In fact, the explosion of driverless cars today is no accident. From the perspective of the industry, the past three years have also been the fastest three years for the development of autonomous driving technology, which can almost be said to be "advancing by leaps and bounds".

Judging from the current progress of China and the United States, if we put aside the constraints of legislative standards and time, driverless cars will most likely be put into full commercial use within the next 1-2 years, and reach an end-to-end "complete form" in 5-10 years, realizing a driverless form similar to that in science fiction movies.

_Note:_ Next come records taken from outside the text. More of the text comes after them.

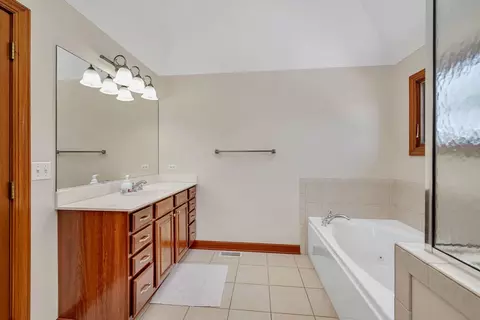 15920 Hometown Dr, Plainfield, IL 60586 photo 23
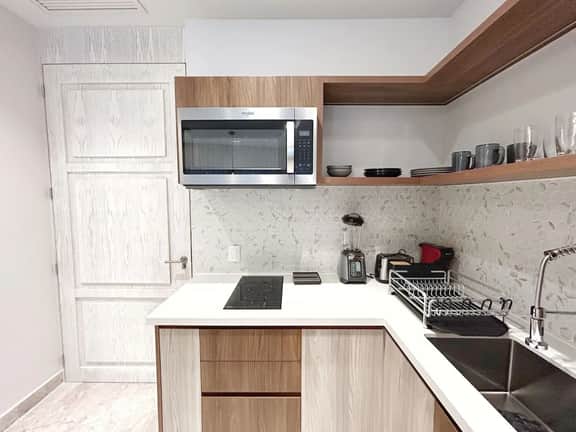 Riviera Maya modern apartment 1 block to the beach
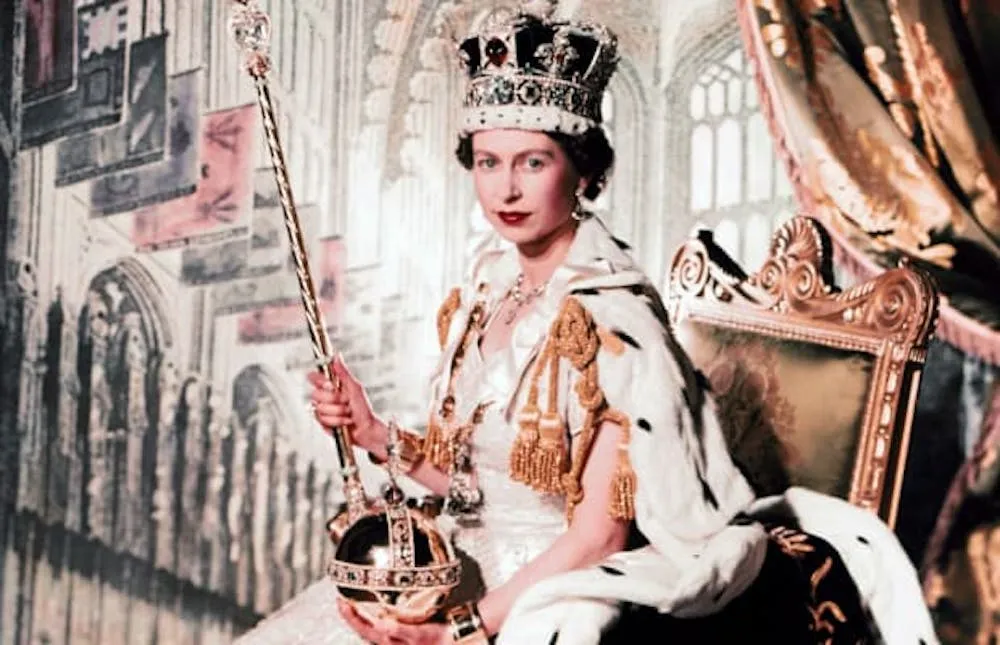 queen elizabeth ii gettyimages 904669426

From this perspective, although it may be too early to talk about the "iPhone 4 moment" of driverless cars, the singularity of the era of driverless cars has indeed arrived.

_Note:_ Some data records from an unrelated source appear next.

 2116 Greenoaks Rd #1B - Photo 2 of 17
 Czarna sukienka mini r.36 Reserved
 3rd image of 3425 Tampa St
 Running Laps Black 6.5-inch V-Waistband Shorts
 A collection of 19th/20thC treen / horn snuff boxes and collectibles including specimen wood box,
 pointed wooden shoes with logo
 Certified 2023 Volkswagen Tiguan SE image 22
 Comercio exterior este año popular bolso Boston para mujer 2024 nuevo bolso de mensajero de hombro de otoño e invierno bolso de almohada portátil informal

At the same time, this is also a race against time: China and the United States are the two countries with the largest number of autonomous driving companies in the world. Whoever can be the first to run through and establish the relevant industrial chain will have the ability to define the track and export technology products to other countries.

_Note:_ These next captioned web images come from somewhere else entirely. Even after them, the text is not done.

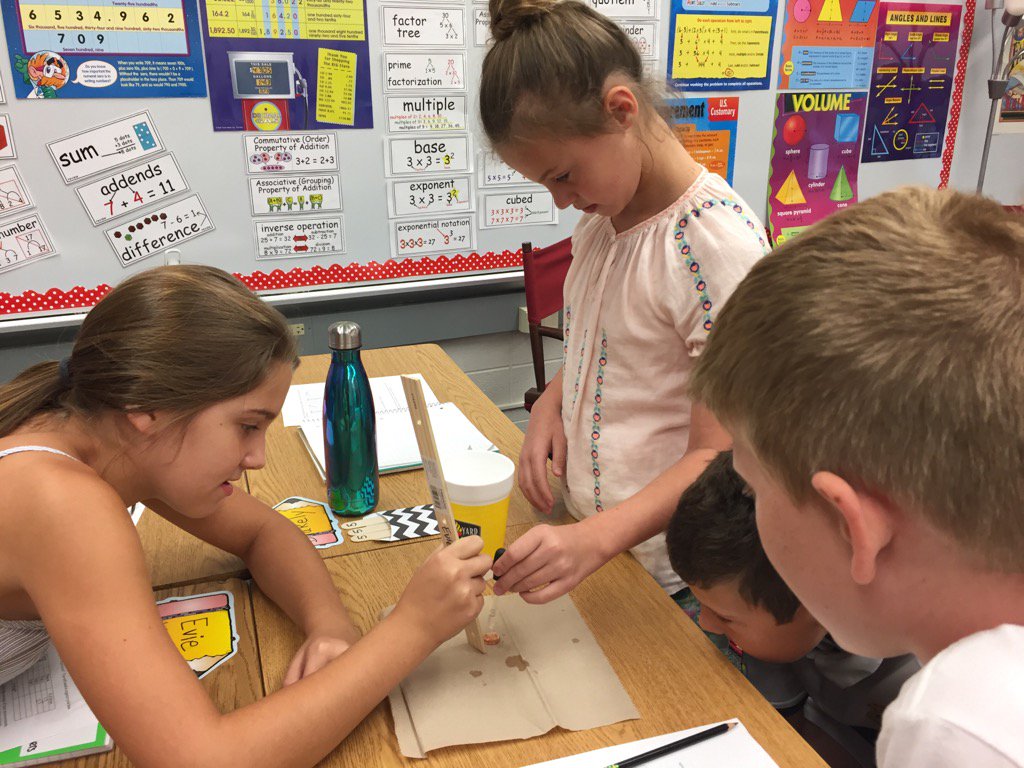 First experiment of the year using the scientific method. <a href="/wvphilips5/">Bobbie Philips</a> @wwvpythons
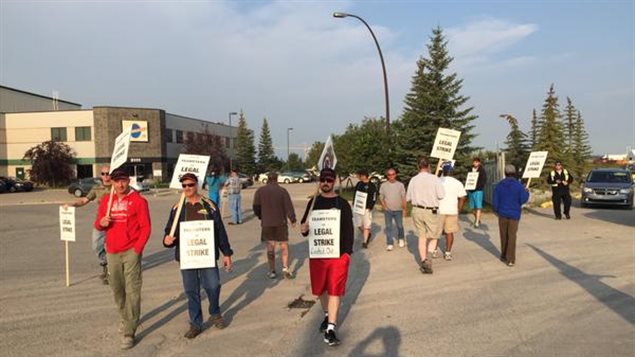 Des employés de Burnco ont manifesté lundi matin devant les bureaux de l'entreprise, à Calgary. Des employés de Burnco ont manifesté lundi matin devant les bureaux de l'entreprise, à Calgary.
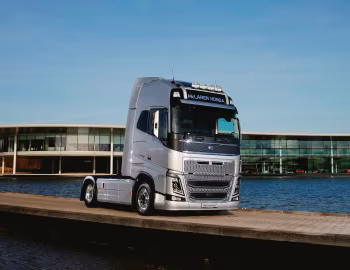 Volvo FH16 750 4×2 tractor Globetrotter XL cab [Worldwide] '2012–????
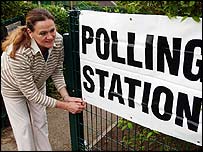 Trước một phòng phiếu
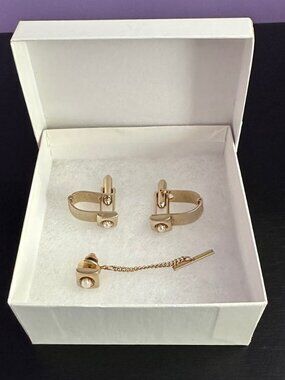 Vintage gold and pearl cufflinks and matching tie tack
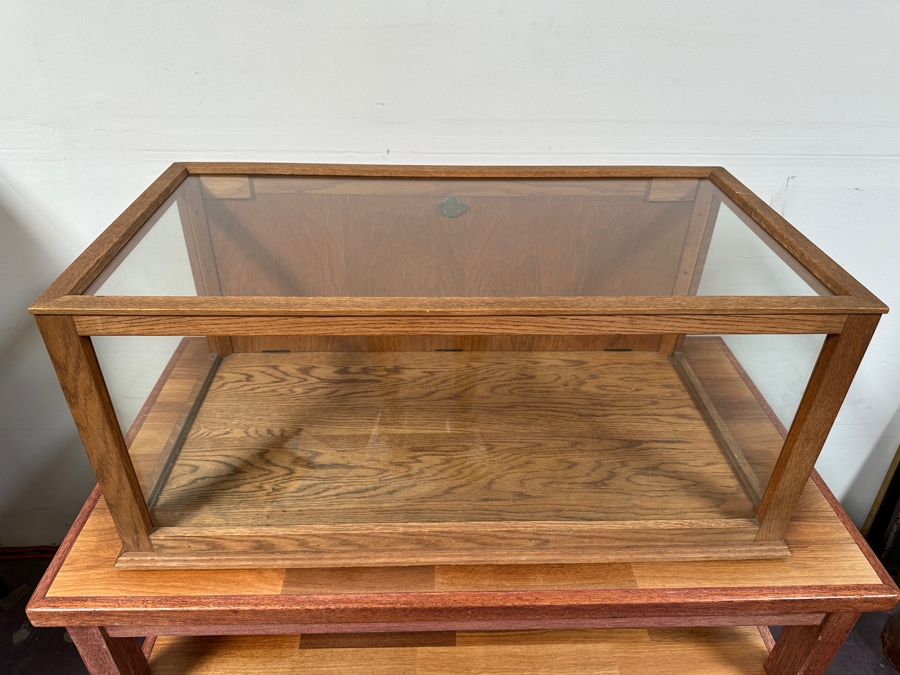 Countertop Display Case With Lockable Hinged Back (Have Key) 35.5W X 18.5D X 16H [Photo 2]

Against the backdrop of Sino-US technological competition, this is a "battle that cannot be lost" for either side.

In this article, we will start with the history of autonomous driving and try to speculate on the future development trend of the industry. First, we will share a few preliminary conclusions:

1. From high-precision maps and lidar to BEV: all paths in the evolution of autonomous driving are aimed at "making cars behave more like humans."

2. The past three years have also been the three years with the fastest development of autonomous driving technology. A large number of players at home and abroad have achieved end-to-end to varying degrees. Looking to the future, it is only a matter of time before the ultimate form of overall end-to-end is achieved.

3. Whether it is pure vision or lidar route, millimeter-wave radar is the best means to make up for the technical shortcomings of both. As millimeter-wave radar evolves from 3D to 4D and then to imaging millimeter-wave radar, the continuously improving accuracy also gives this track the opportunity to give birth to high-value companies.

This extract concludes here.